The technical solutions provided by the embodiments of the present description are described in detail below with reference to the accompanying drawings.

Fig. 2 is a schematic flow chart of a human-computer interaction mode display method provided in an embodiment of the present specification, and referring to fig. 2, the method may specifically include the following steps:

202, acquiring a plurality of scene characteristics of a human-computer interaction scene, wherein the human-computer interaction scene comprises a scene in which a user and equipment perform human-computer interaction, and the scene characteristics are used for representing scene understanding of the human-computer interaction scene;

the device refers to a device that performs human-computer interaction with the user, for example: terminal device 102 in fig. 1; the feature dimensions of the scene features are set based on interactive features of a human-computer interaction mode, for example: the interactive characteristics of the voice interactive mode comprise: a quiet environment is required, and the correspondingly set characteristic dimensions at least comprise: noise characteristics in a human-computer interaction scene; another example is: the interactive characteristics of the face recognition interactive mode comprise: and if the face of the user is required to be complete, the correspondingly set feature dimensions at least comprise: whether the face is covered.

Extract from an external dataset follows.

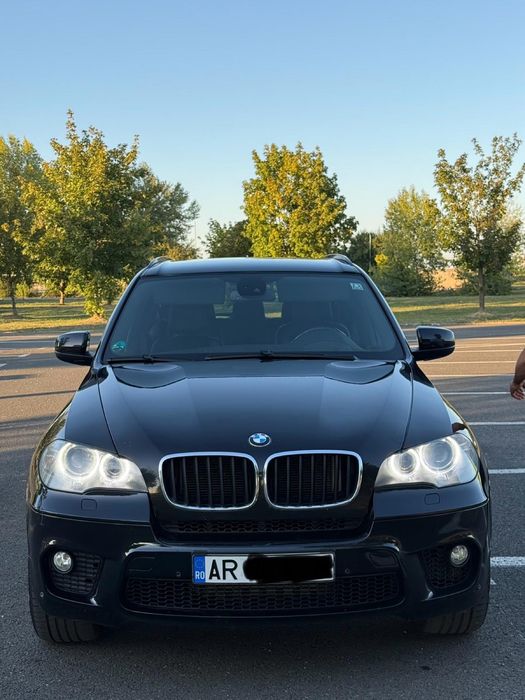 BMW X5 2011 — imagine 1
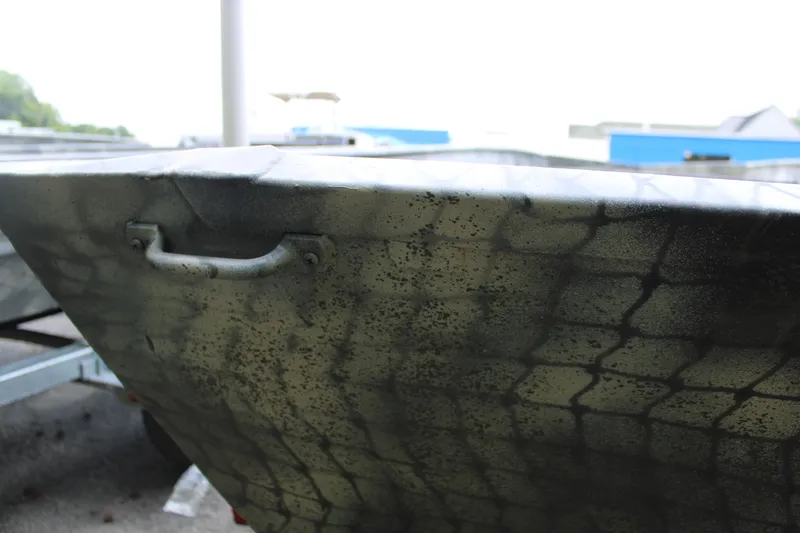 Slide: The Image of 2025 WeldBilt 1648V boat with camouflage pattern and sturdy handle. - 5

It should be noted that, one implementation manner of step 202 may be:

step S1, acquiring physical environment information and behavior environment information in the human-computer interaction scene;

wherein the behavioral environment information includes: behavior information of the user and other users within the preset range of the user; the physical environment information includes: natural physical environment information and artificial physical environment information, the natural physical environment information including: natural sound environment, vibration environment, electromagnetic environment, radiation environment, light environment, thermal environment, etc., and the artificial physical environment information includes: artificial noise environments, artificial vibration environments, artificial electromagnetic environments, artificial radiation environments, artificial light environments, artificial heat environments, and the like.

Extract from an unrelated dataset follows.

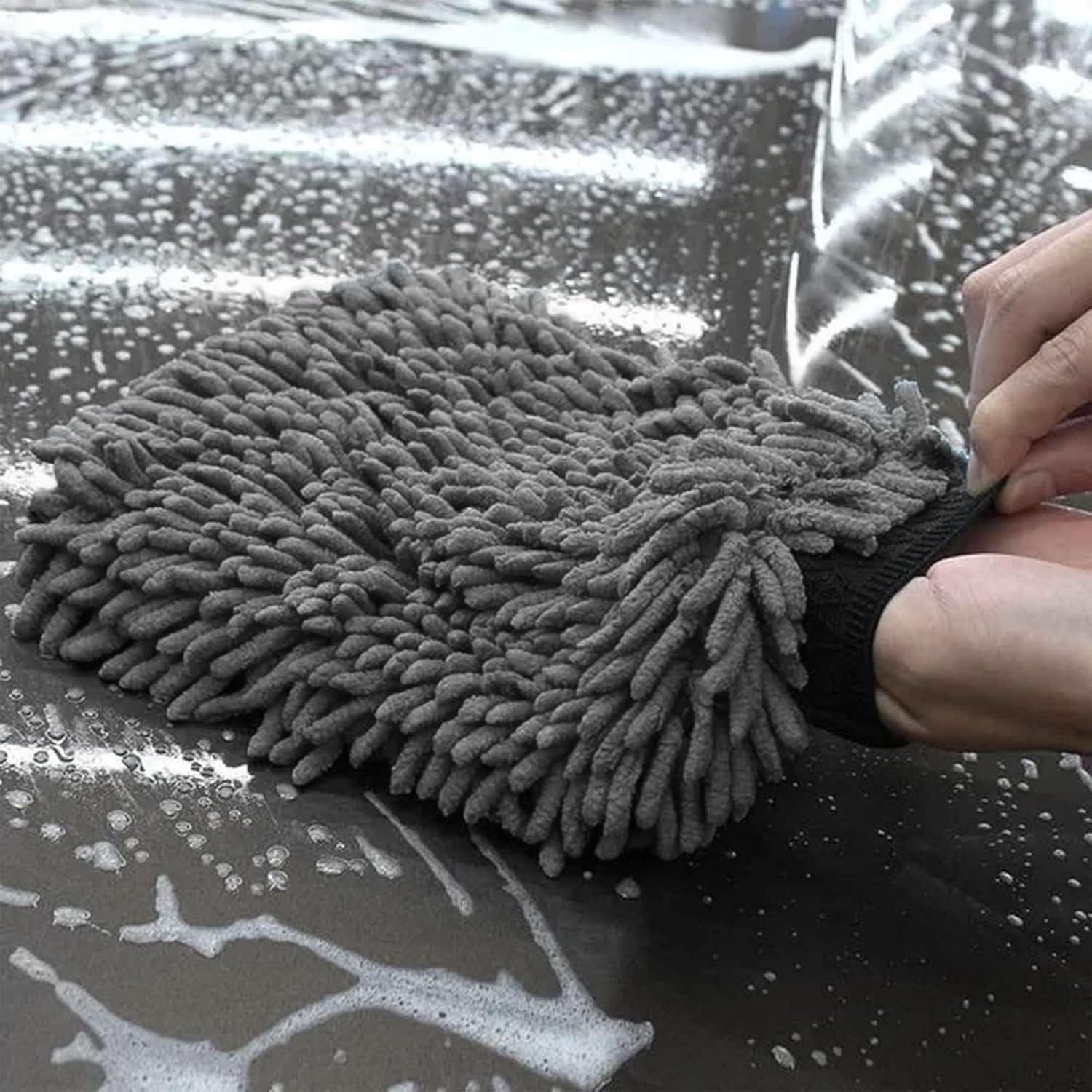 Microfiber cleaning mitt being used on a car window with soapy water.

Note that, the implementation manner of step S1 may be:

acquiring sensor data and multimedia data of the equipment, wherein the sensor data comprises environment information of the human-computer interaction scene sensed by the equipment, and the multimedia data comprises multimedia information in the human-computer interaction scene acquired by the equipment; and obtaining physical environment information and behavior environment information in the human-computer interaction scene based on the sensor data and the multimedia data. Referring to fig. 4, specific examples may be:

example 1, an environmental image or a video of a preset peripheral area of the terminal device 102 is acquired by an image acquisition device installed in the terminal device 102 or by calling an image acquisition device of a third party.

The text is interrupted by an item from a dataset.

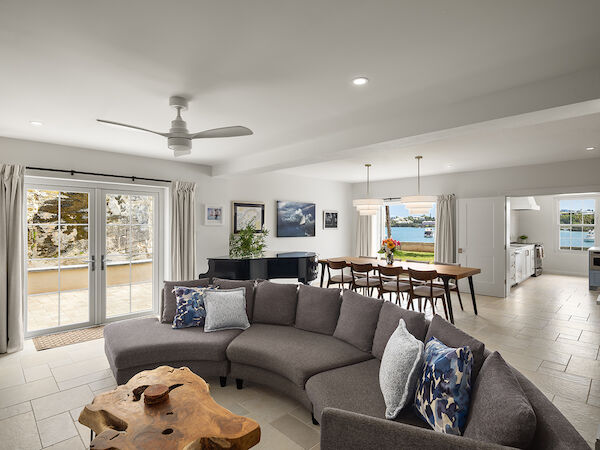Spacious open-plan living area with a gray sectional sofa, wooden coffee table, dining table, ceiling fan, and sliding glass doors to a balcony.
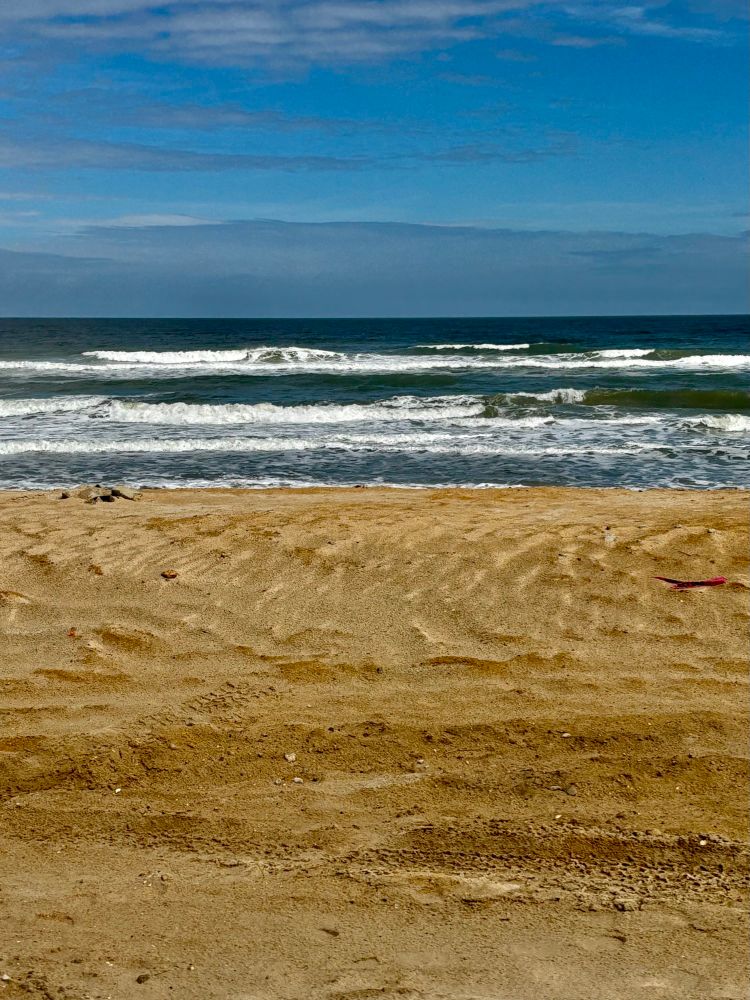 Sandy beach with gentle waves and a blue sky with wispy clouds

The image capturing device includes, but is not limited to, one or more of a grayscale camera, a color camera, an infrared camera, a binocular stereo camera, a depth perception camera, and the like.

Example 2, audio information of a preset peripheral area of the terminal device 102 is acquired through an audio acquisition device installed in the terminal device 102 or an audio acquisition device of a third party is called; the audio information includes: ambient sounds and human speech.

The audio capture device includes, but is not limited to, one or more microphones, microphone arrays, and the like.

Example 3, sensing data in a preset peripheral area of the smart terminal 102 by a sensor installed in the terminal device 102 or a sensor of a third party is called, and obtaining physical environment information except the data collected in examples 1 and 2.

Wherein, the physical signal acquisition device includes but is not limited to one or more barometers, thermometers, anemometers, PM2.5 detectors, etc.; accordingly, the collected physical environment signals include, but are not limited to, air pressure information, temperature information, wind speed information, PM2.5, and other sensor data.

Example 4, for other types of environment information, a corresponding information acquisition device may also be flexibly configured for the terminal device 102 according to specific scene requirements, business requirements, and the like.

The sensor data and the multimedia data in the scene information collected in the above examples 1 to 4 are comprehensively analyzed and normalized to obtain the physical environment information and the behavior environment information in the human-computer interaction scene, for example: and regulating the images and videos containing the user and the surrounding users into behavior environment information, and regulating the physical environment signals sensed by the sensor into physical environment information.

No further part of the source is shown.